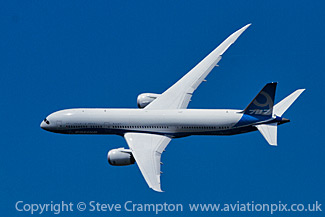 Boeing 787 Dreamliner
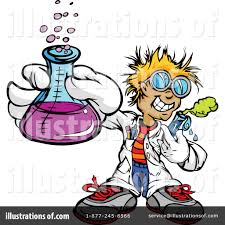 New users enjoy 60% off. Scientist Clipart 1097097 Illustration By Chromaco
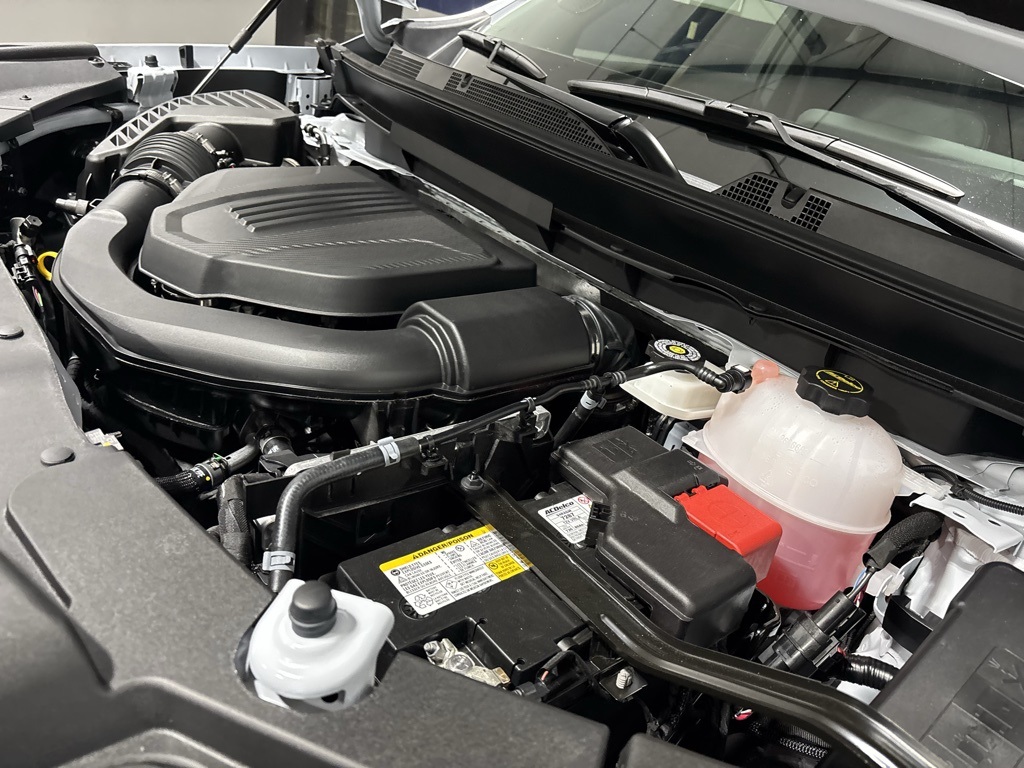 new 2026 Chevrolet Traverse car, priced at $51,720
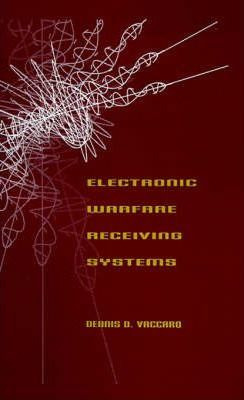 Libro Electronic Warfare Receiver Systems - Dennis D. Vac...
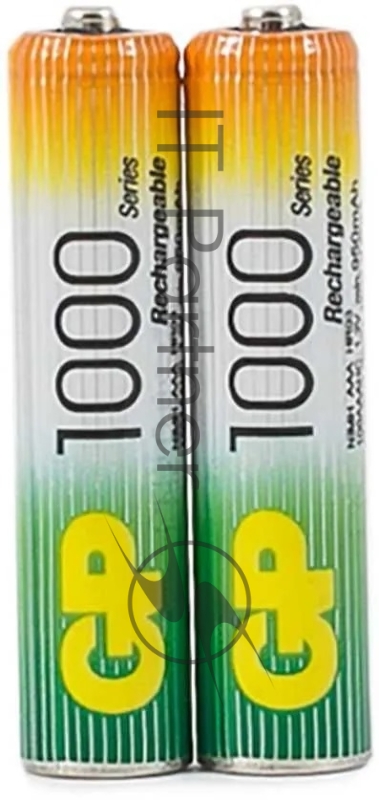 Аккумулятор GP 100AAAHC-CR2 1000mAh AAA 2шт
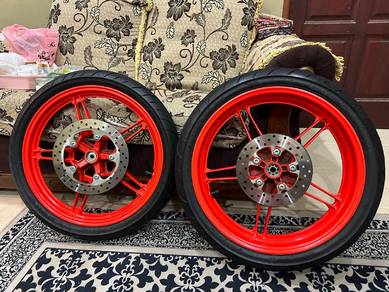 RIM Y16 Untuk DIJUAL ORIMOTOR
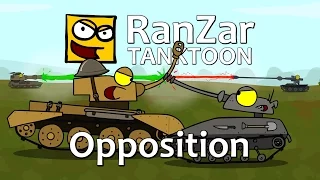 Tanktoon: Opposition. RanZar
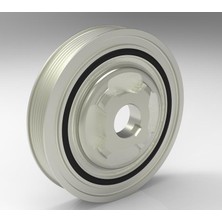 Kentpar 152K23401 Krank Kasnagi Ford Galaxy Iı 2.2 Tdci 07>15 Mondeo Iv 2.2 Tdci 07>15 S-Max 2.2 Tdci 10>15 Jaguar Xfı (X250) 2.2 D 11>15 Xf Sportbrake (X250) 2.2 D 10>14 C5 Iıı 2.2hdı 10>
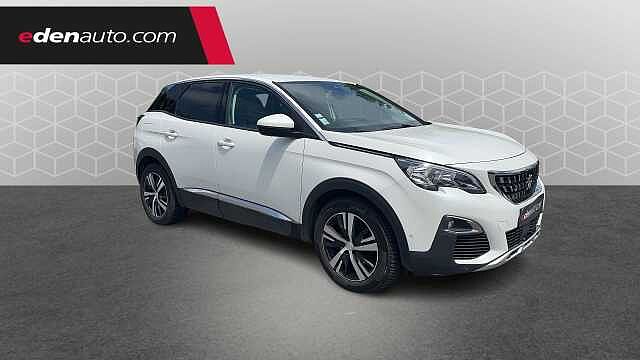 Peugeot 3008 1.2 Puretech 130ch S&amp;S BVM6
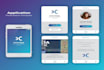 create mobile app ui and website ui design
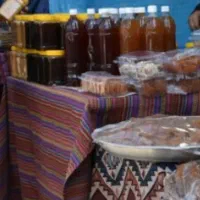 شیره انگور محصولات هزاوه خودمونی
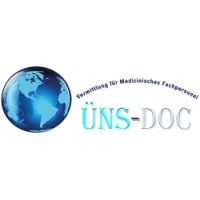 Üns-Med GmbH logo - Similar company to Bachpersonal
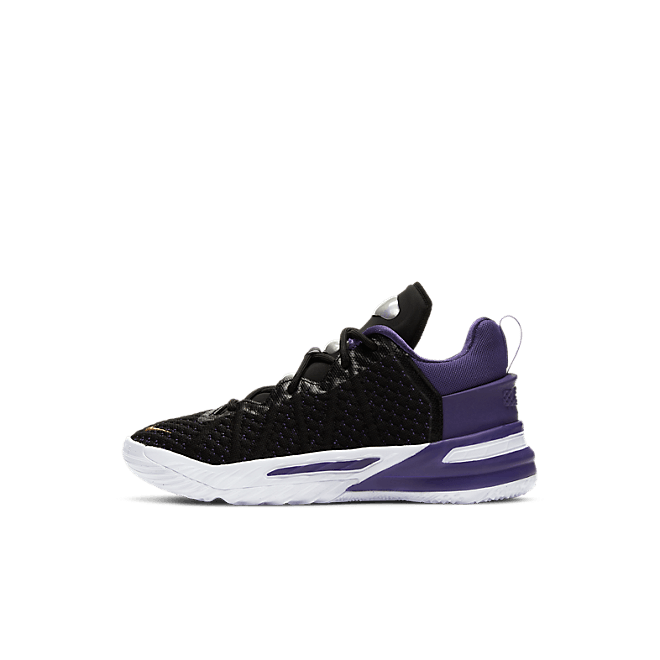 Nike LeBron 18 Lakers (PS) CT4710-004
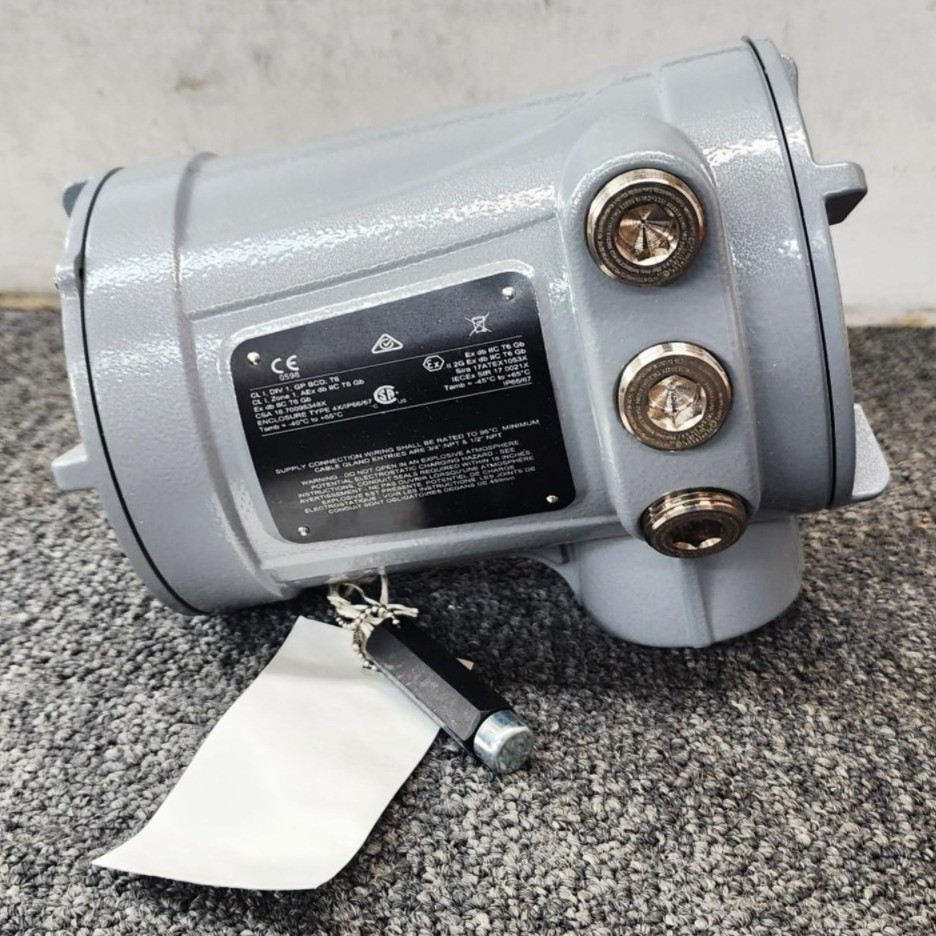 Panametrics Panaflow Transmitter, Model XMT1000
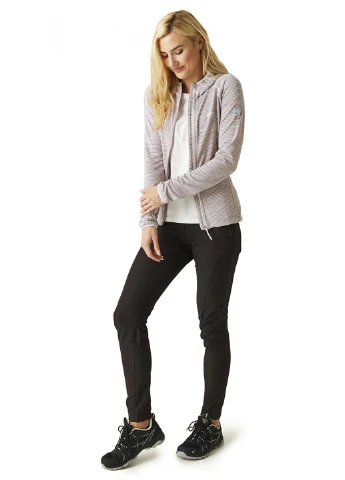 Толстовка Regatta Wmns Yonder Hoody (299935109)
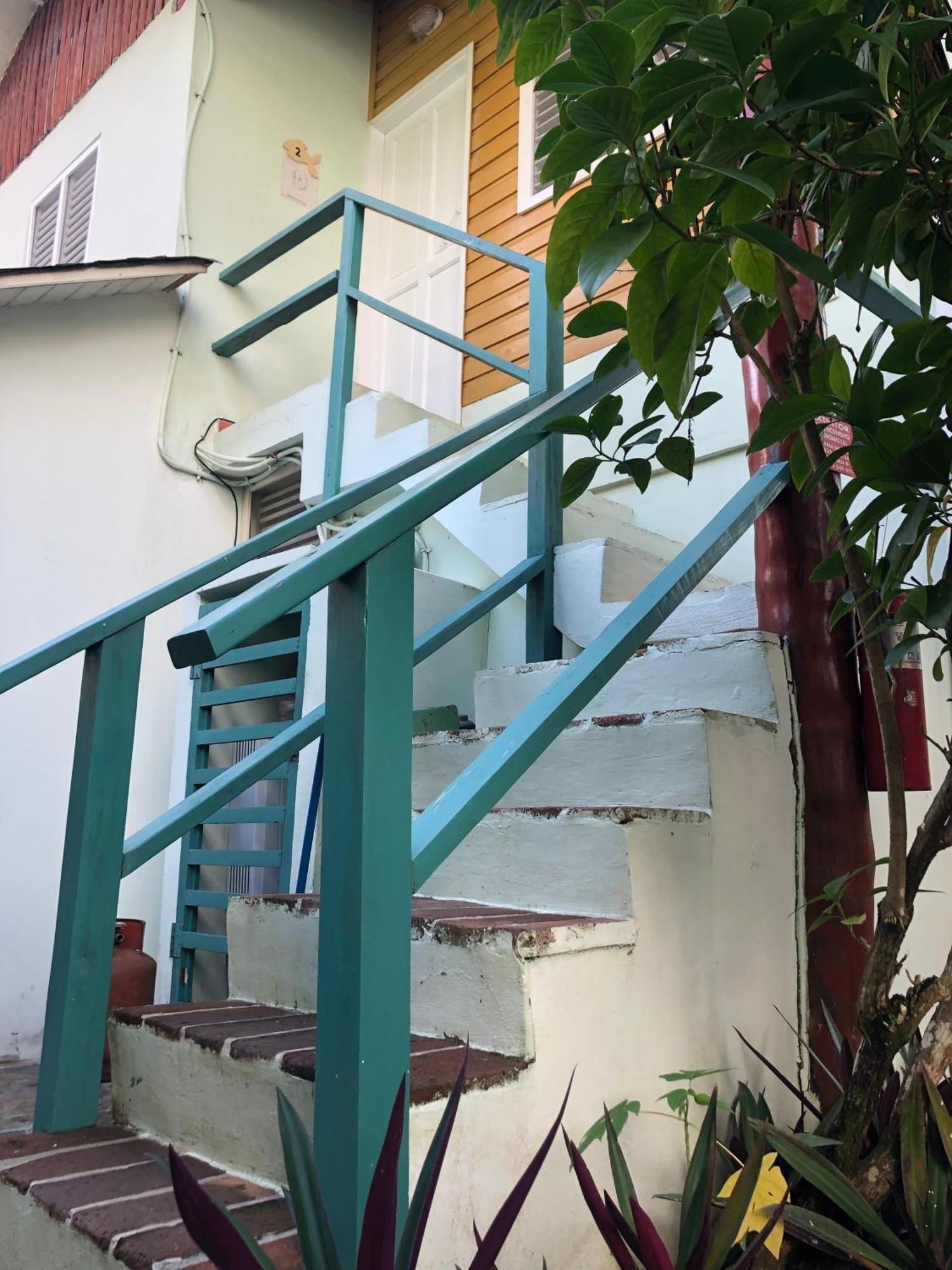 Hotel Casa Robinson Лас Теренас Екстериор снимка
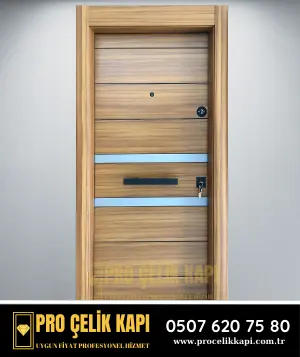 Gaziosmanpaşa Çelik Kapı - Plus 4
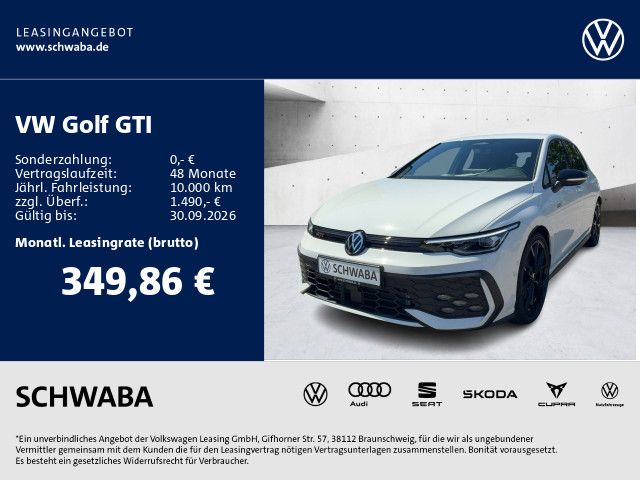 Volkswagen Golf GTI 2,0 l TSI OPF 195 kW (265 PS) 7 -Gang-D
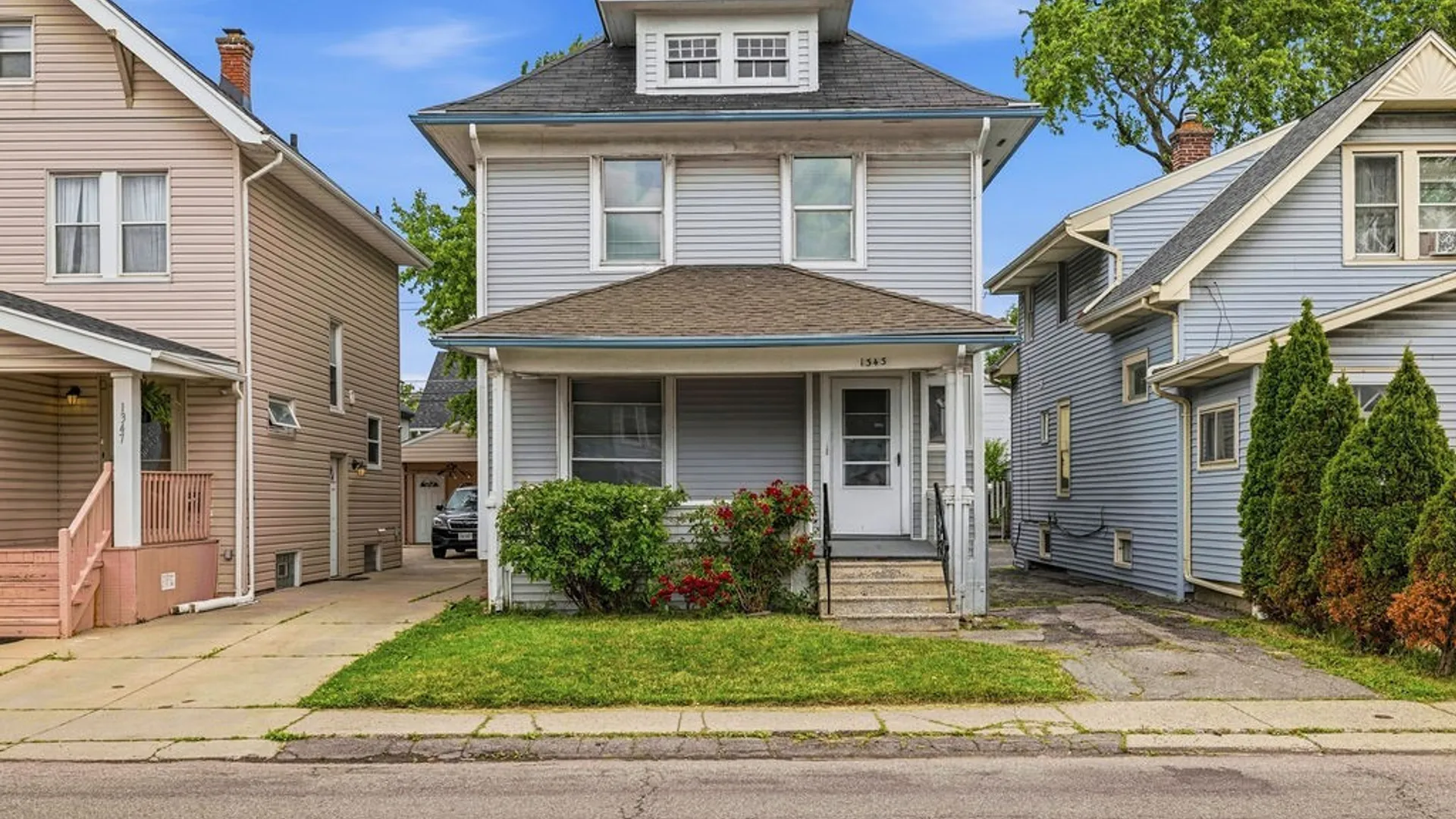 Property at 1343 Kenmore Ave, Tonawanda, NY 14217 2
______
Task directions ::
Here the lines from the one containing "create mobile app ui and website ui design" through the end of the material are to be copied exactly, with the pictures omitted.

Expected answer ::
 create mobile app ui and website ui design
 شیره انگور محصولات هزاوه خودمونی
 Üns-Med GmbH logo - Similar company to Bachpersonal
 Nike LeBron 18 Lakers (PS) CT4710-004
 Panametrics Panaflow Transmitter, Model XMT1000
 Толстовка Regatta Wmns Yonder Hoody (299935109)
 Hotel Casa Robinson Лас Теренас Екстериор снимка
 Gaziosmanpaşa Çelik Kapı - Plus 4
 Volkswagen Golf GTI 2,0 l TSI OPF 195 kW (265 PS) 7 -Gang-D
 Property at 1343 Kenmore Ave, Tonawanda, NY 14217 2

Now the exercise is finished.